Before the KC-135 mission took place, the aircrew suited-up in an Aircrew Eye and Respiratory Protection System, or AERPS. The pilots then performed preflight checks in AERPS gear, taking the opportunity to add to the situation and maximize training efforts.
The exercise scenario then officially started with an aeromedical evacuation.
Medics diagnosed and loaded simulated patients onto a KC-135 for evacuation to a location where they could receive higher-level care. The crew was given a complication to deal with while in-transit over central Washington …a patient began to experience simulated symptoms of a chemical exposure that prompted an immediate crew response.

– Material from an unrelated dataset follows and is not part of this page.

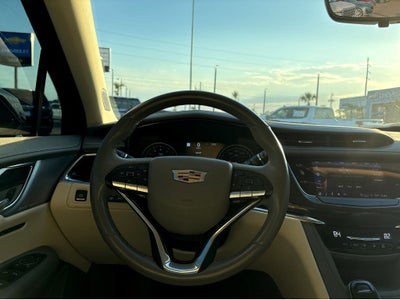 2022 Cadillac XT6 Premium Luxury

“At that point, the whole [aeromedical evacuation] team had to get their [Mission Oriented Protective Posture] gear on,” Parsons said. “We had to call back to command and control to tell them we were bringing back patients who were potentially contaminated, and a call was made back to Fairchild AFB to prepare the Aircrew Flight Equipment team, who brought the [Aircrew Contamination Control Area].”
Aircrew Contamination Control Area is a mobile decontamination system used for aircrew and passengers. Once the KC-135 crew landed, an AFE crew set-up a decontamination area and ran through the process with the aircrew.
“The most important thing is you need to be prepared for the day it happens,” Parson said. “You need to practice on a pretty regular basis as it’s easy to lose the skills it takes. A minor misstep can cause some major problems. One person who is inadvertently contaminated could potentially be a life lost, which could have been prevented with training.”
“This was also a FVEY demonstration,” Parsons said. “The aircrew did a preflight in the chemical gear just to show our partners what it is like. They got the opportunity to check out the gear and ask any questions about it.”
The exercise gave Airmen from the 93rd ARS, aeromedical evacuation teams and aircrew flight equipment Airmen from all over the world the chance to immerse themselves in valuable training to strengthen their readiness and effectiveness.